Items from a data source:
════

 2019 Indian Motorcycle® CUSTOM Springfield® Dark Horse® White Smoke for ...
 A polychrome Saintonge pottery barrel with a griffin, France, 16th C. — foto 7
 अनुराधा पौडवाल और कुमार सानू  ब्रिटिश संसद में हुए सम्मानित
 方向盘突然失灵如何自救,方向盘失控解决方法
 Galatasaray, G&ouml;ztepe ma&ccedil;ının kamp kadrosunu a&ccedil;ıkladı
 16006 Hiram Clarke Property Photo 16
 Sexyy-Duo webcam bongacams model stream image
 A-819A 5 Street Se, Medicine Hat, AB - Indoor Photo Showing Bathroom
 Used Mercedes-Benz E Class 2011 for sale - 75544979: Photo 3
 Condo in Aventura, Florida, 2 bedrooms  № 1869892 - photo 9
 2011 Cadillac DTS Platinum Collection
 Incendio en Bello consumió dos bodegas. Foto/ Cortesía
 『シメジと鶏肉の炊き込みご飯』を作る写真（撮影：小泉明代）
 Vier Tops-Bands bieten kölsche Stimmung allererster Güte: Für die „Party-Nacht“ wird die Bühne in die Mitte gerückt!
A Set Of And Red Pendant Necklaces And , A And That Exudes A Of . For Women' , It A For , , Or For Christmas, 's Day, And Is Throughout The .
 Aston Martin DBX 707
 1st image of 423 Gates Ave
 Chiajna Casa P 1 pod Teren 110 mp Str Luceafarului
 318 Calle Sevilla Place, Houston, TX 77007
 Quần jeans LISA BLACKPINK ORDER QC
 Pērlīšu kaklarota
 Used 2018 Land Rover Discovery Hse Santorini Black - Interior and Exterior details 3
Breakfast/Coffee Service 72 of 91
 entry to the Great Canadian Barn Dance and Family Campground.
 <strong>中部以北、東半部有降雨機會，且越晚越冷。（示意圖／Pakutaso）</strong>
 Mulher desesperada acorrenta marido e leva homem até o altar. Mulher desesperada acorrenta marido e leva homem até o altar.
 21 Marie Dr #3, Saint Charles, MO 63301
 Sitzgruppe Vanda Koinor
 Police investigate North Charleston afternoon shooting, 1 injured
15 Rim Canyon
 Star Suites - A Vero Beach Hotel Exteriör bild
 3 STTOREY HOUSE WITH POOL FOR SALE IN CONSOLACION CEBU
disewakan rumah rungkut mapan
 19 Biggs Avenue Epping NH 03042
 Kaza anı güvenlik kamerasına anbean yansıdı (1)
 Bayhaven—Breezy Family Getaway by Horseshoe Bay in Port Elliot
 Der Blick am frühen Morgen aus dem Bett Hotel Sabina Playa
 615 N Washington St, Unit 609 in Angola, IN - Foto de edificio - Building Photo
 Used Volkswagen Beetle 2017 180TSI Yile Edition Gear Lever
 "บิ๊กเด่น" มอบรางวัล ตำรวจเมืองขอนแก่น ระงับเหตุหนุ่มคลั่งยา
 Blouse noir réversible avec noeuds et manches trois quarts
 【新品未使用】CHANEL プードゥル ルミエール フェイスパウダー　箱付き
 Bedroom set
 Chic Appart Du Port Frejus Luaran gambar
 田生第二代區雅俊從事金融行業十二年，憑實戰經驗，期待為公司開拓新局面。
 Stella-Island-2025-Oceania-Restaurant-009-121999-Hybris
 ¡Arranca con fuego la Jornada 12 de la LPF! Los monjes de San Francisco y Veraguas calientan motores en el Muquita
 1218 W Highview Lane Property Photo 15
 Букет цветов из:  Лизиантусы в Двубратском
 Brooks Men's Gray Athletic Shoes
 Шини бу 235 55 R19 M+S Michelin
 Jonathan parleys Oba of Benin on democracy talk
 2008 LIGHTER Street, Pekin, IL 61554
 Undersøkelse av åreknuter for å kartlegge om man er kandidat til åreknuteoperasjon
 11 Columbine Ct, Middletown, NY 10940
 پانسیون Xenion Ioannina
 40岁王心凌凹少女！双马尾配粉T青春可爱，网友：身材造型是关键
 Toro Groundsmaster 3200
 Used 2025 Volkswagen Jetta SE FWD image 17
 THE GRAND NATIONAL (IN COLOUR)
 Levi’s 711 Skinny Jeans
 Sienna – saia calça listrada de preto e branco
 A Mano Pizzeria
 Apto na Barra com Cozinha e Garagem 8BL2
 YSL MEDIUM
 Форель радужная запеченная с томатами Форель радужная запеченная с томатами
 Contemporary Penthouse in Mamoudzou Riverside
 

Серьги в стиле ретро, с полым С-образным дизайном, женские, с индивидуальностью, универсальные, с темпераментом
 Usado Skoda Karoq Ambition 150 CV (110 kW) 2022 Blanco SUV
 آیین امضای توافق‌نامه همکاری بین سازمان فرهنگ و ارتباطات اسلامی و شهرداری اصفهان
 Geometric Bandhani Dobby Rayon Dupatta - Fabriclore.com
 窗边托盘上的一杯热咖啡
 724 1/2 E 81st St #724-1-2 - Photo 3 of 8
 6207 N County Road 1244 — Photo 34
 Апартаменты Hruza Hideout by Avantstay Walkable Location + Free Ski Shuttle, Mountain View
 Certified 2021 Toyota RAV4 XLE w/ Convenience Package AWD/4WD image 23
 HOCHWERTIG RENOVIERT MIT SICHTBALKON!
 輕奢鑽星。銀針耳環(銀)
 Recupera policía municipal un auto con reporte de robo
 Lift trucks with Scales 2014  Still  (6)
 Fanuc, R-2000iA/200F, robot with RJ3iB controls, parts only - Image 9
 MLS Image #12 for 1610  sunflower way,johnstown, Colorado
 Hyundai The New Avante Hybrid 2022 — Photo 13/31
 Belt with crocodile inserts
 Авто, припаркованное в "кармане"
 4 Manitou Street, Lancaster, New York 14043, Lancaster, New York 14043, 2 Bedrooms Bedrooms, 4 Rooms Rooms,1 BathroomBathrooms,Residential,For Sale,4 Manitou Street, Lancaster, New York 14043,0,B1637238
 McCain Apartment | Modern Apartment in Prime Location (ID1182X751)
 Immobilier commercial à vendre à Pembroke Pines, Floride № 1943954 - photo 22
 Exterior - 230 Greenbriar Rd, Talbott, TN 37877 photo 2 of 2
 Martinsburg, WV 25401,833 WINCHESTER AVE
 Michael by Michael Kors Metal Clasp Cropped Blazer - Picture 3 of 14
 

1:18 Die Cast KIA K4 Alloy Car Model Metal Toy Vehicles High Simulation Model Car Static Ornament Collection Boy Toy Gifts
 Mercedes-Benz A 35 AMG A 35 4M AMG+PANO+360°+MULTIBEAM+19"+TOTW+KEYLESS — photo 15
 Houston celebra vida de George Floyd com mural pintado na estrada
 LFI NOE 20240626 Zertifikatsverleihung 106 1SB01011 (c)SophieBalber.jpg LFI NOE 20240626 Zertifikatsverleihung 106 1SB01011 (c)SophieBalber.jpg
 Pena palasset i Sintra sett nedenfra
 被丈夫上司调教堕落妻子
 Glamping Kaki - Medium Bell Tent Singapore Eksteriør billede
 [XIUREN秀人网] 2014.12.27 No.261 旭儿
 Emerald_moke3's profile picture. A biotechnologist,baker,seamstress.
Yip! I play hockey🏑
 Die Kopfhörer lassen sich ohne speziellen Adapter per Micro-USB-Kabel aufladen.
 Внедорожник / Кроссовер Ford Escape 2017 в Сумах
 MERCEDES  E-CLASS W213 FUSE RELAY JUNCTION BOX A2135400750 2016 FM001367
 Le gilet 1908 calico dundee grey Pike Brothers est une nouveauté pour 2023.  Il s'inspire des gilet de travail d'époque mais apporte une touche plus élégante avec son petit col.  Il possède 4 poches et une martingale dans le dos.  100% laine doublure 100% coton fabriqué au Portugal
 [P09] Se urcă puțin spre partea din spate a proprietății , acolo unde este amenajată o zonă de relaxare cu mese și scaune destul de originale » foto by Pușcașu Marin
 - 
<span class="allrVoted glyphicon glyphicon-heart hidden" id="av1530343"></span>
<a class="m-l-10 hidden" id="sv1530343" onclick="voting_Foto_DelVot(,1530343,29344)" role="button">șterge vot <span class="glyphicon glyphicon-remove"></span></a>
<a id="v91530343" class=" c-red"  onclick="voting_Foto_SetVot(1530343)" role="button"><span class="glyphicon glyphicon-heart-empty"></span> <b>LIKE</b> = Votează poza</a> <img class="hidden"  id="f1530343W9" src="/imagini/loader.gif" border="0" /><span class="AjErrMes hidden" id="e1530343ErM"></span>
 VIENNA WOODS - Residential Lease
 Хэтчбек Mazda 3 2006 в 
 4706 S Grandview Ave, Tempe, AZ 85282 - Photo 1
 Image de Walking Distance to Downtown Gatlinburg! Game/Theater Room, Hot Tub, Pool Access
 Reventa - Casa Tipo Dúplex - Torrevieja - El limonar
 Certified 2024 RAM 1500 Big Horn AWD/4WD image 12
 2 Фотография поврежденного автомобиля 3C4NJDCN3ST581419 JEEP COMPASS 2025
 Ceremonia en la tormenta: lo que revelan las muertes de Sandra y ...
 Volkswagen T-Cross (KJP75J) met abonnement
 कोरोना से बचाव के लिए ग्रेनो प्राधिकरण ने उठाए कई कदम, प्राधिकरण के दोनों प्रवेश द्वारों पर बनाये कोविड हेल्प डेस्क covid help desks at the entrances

════

PROBLEM TO WORK ON:
Search the data for the word "Certified" and copy each line where it appears.

RESPONSE:
 Certified 2021 Toyota RAV4 XLE w/ Convenience Package AWD/4WD image 23
 Certified 2024 RAM 1500 Big Horn AWD/4WD image 12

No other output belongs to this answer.